Dos Anjos - A direção da Fundação Bienal não interfere nas escolhas e nas estratégias da curadoria da mostra, agindo sempre de modo respeitoso e depositando confiança nos curadores convidados para a realização do evento. Nós curadores, por outro lado, temos a medida de nossa responsabilidade quando propomos questões passíveis de gerarem desconforto ou polêmica. Temos absoluta certeza, contudo, que é exatamente esse o papel de uma Bienal de arte: criar fissuras nos entendimentos estáveis do que é ou do que pode ser arte. Independentemente do foco temático da presente edição, creio que a Bienal de São Paulo tem a obrigação de, nesse sentido amplo, ser sempre política.

Folha - De que maneira os pichadores se encaixam no projeto curatorial de arte e política?

Dos Anjos - O pixo é uma manifestação visual que traz, embutida nas práticas dos pixadores e nas imagens que eles criam sobre os muros e edifícios da cidade, uma visão de mundo que simplesmente não cabe nos acordos que regem e limitam a vida comum na cidade de São Paulo. E apesar disso o pixo está aí, cobrindo toda superfície de parede disponível, forçando sua passagem em um país cujas elites ainda preferem ignorar as graves fraturas sociais que existem. Dando visibilidade a algo que de outro modo não seria visto. E falando de algo que, não fosse justamente pela grafia aparentemente cifrada que os pixadores usam, dificilmente seria dito. Nesse sentido, pixo é política. E nesse sentido, é arte também.

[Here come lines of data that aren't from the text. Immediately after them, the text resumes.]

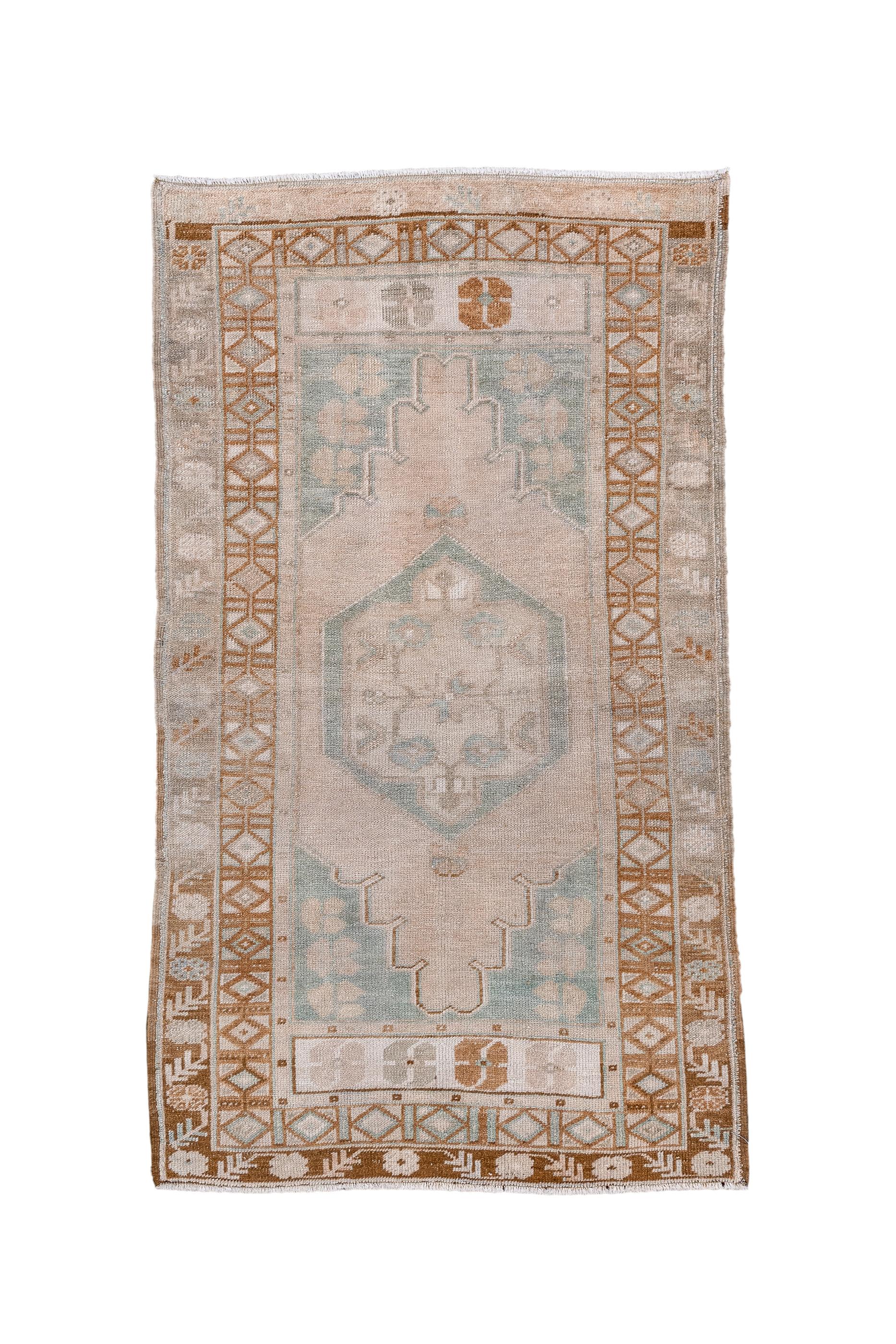 With a softened overall palette, this Anatolian village scatter shows   a very light rust field hosting  shaped corners and a tonally en suite hexagonal medallion enclosing flowers and rosettes. Sienna border outlines rectangles and inner lozenges.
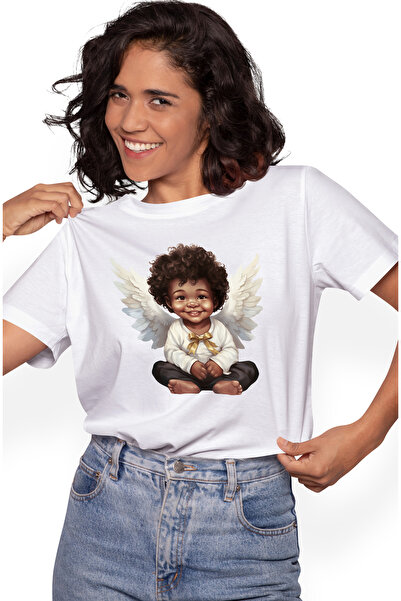 StoryGift Romania Tricou Femei cu un copilas de culoare, ilustratie, aripi de...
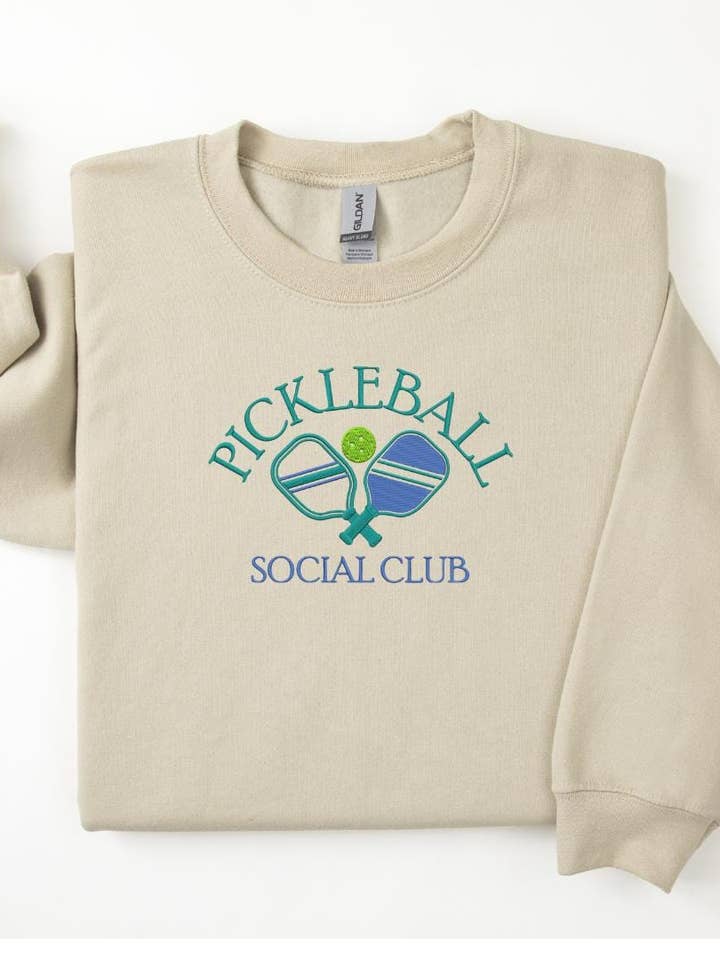 Pickleball Emroidered Crewneck Sweatshirt for wholesale by Totally Iced Out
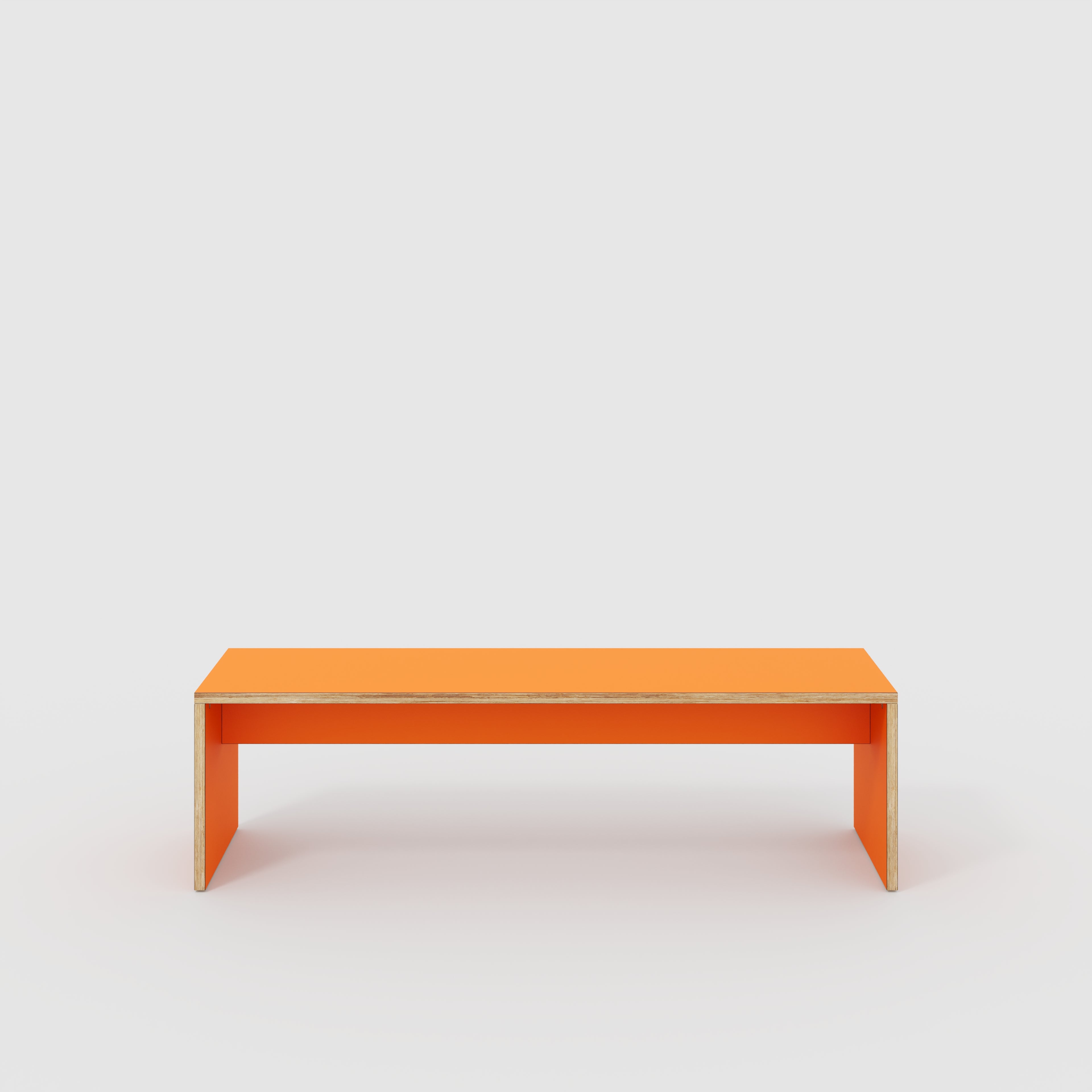 Plywood Bench Seat with Solid Sides - Formica Levante Orange - 1600(w) x 400(d)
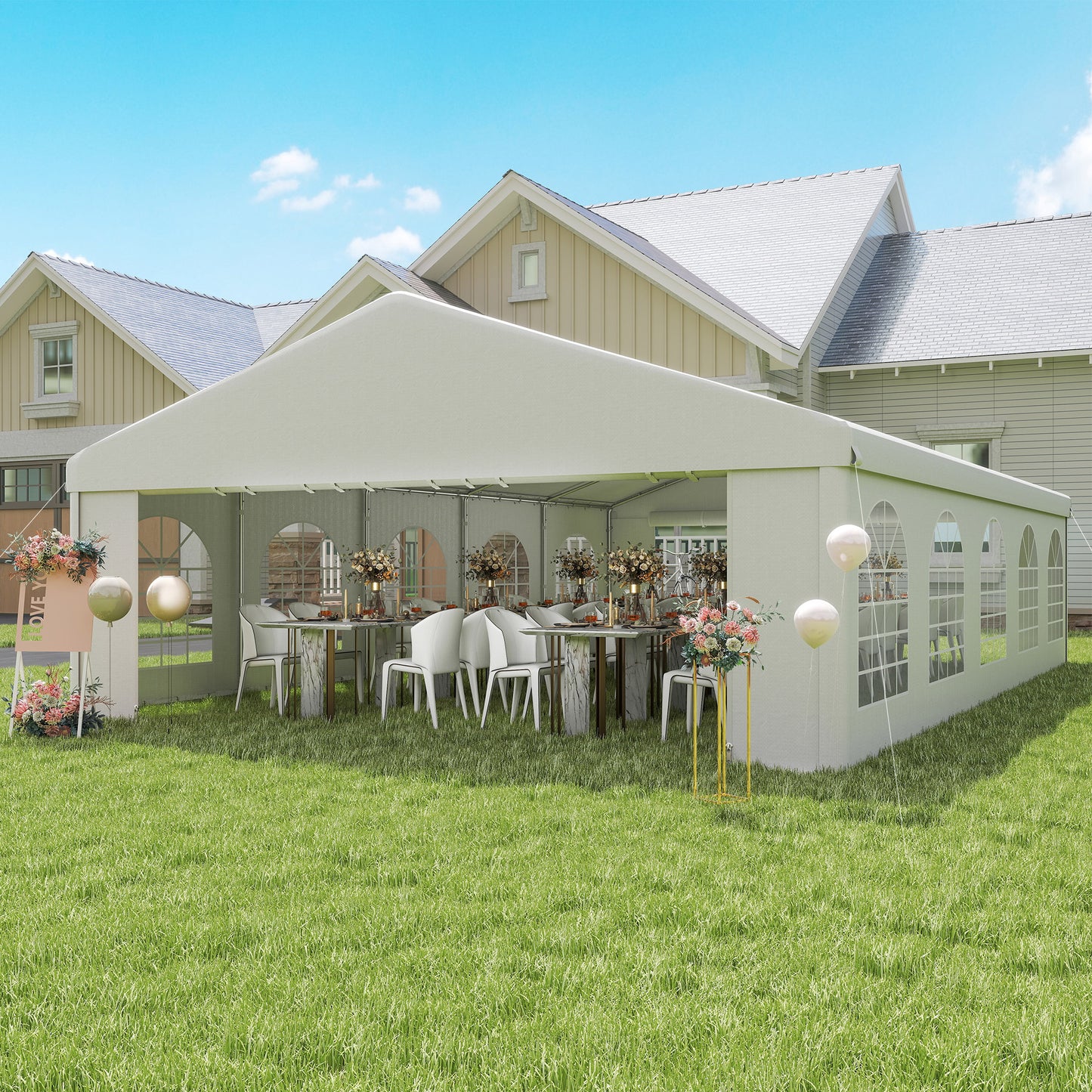 Outsunny 32'x16' Large Patio Gazebo, Steel Party Event Wedding Tent Canopy Carport Garage W/ 4 Removable Sidewalls for Outdoor Parking, White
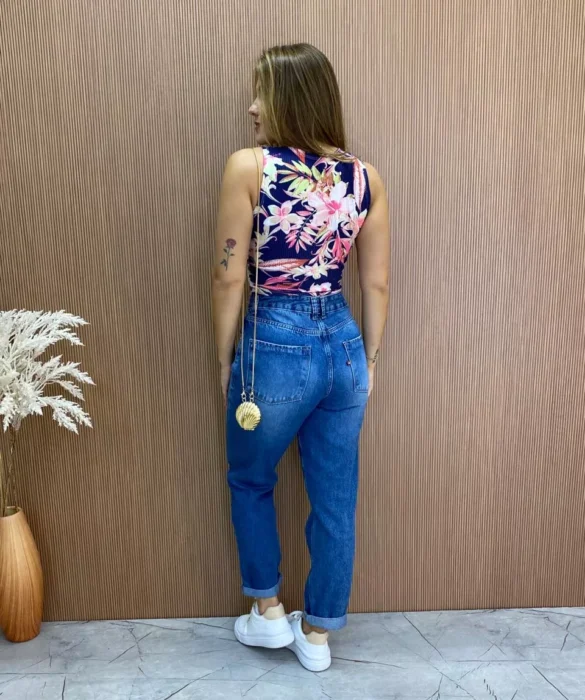 Cropped Feminino Canelado com Bojo Estampado Fundo Azul - Fernanda Ramos Store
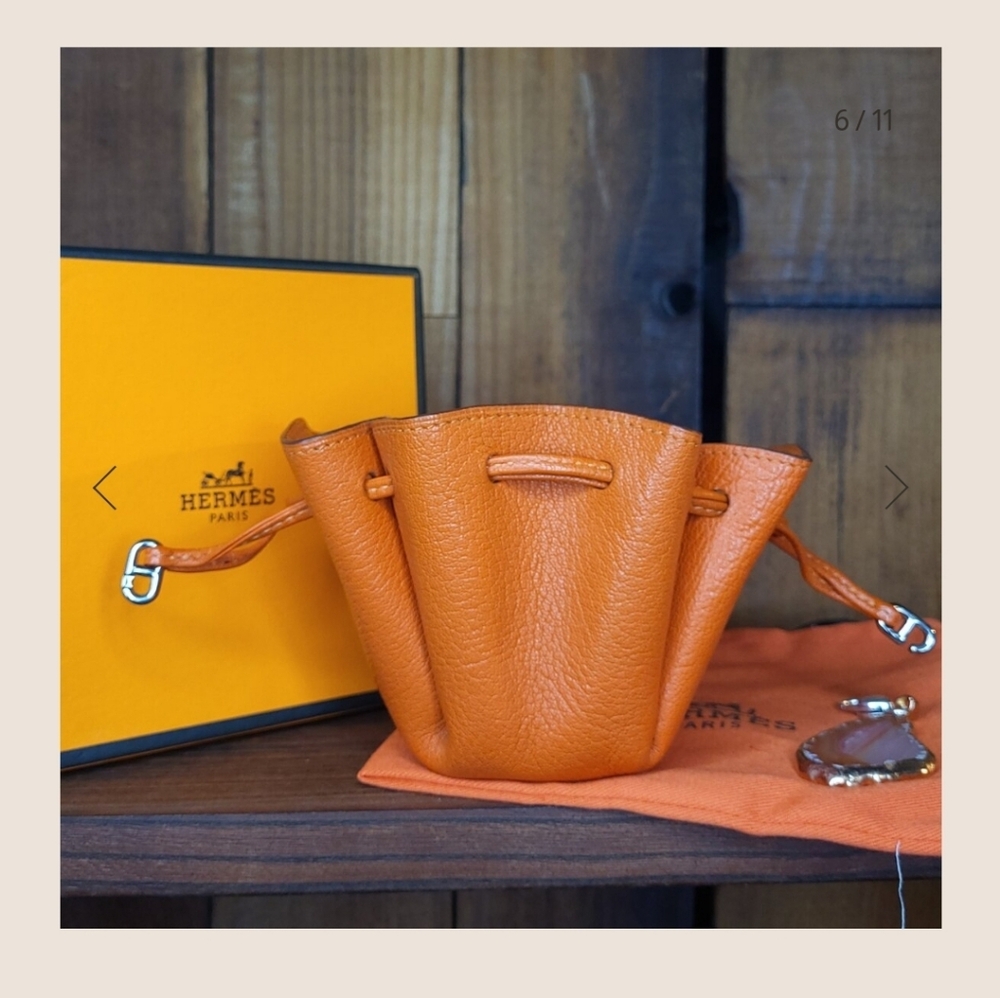Hermes Gulliver Vespa Mini Bag circa Orange Leather Gold Plated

Folha - Picho, então, é arte?

Dos Anjos - Nesse sentido em que falei, sim. Na verdade, a questão a se fazer é outra, que poderia ser formulada nos seguintes termos: Se o pixo é exposto numa galeria ou numa Bienal, permanece sendo arte? É com essa aparente contradição que teremos que lidar na 29ª Bienal. Pois se o que faz o pixo ser arte é justamente o fato dele desconcertar nossos sentidos e nos fazer admitir, mesmo quando estamos no conforto de nossos carros ou da janela de um apartamento alto, que existem outros modos de entender e de inventar o mundo, o que acontece se o pixo é trazido para o ambiente controlado, conhecido e decodificado do chamado 'campo' da arte? Ele mantém a sua potência ou se torna mera ilustração ou lembrança de si mesma? É esse desafio que curadores e pixadores tem que enfrentar juntos, de modo que ultrapassem duas situações simétricas e igualmente indesejadas: por um lado, a simples rejeição ao que causa desconforto; por outro, o desejo de cooptar o diferente para torná-lo igual a nós mesmos.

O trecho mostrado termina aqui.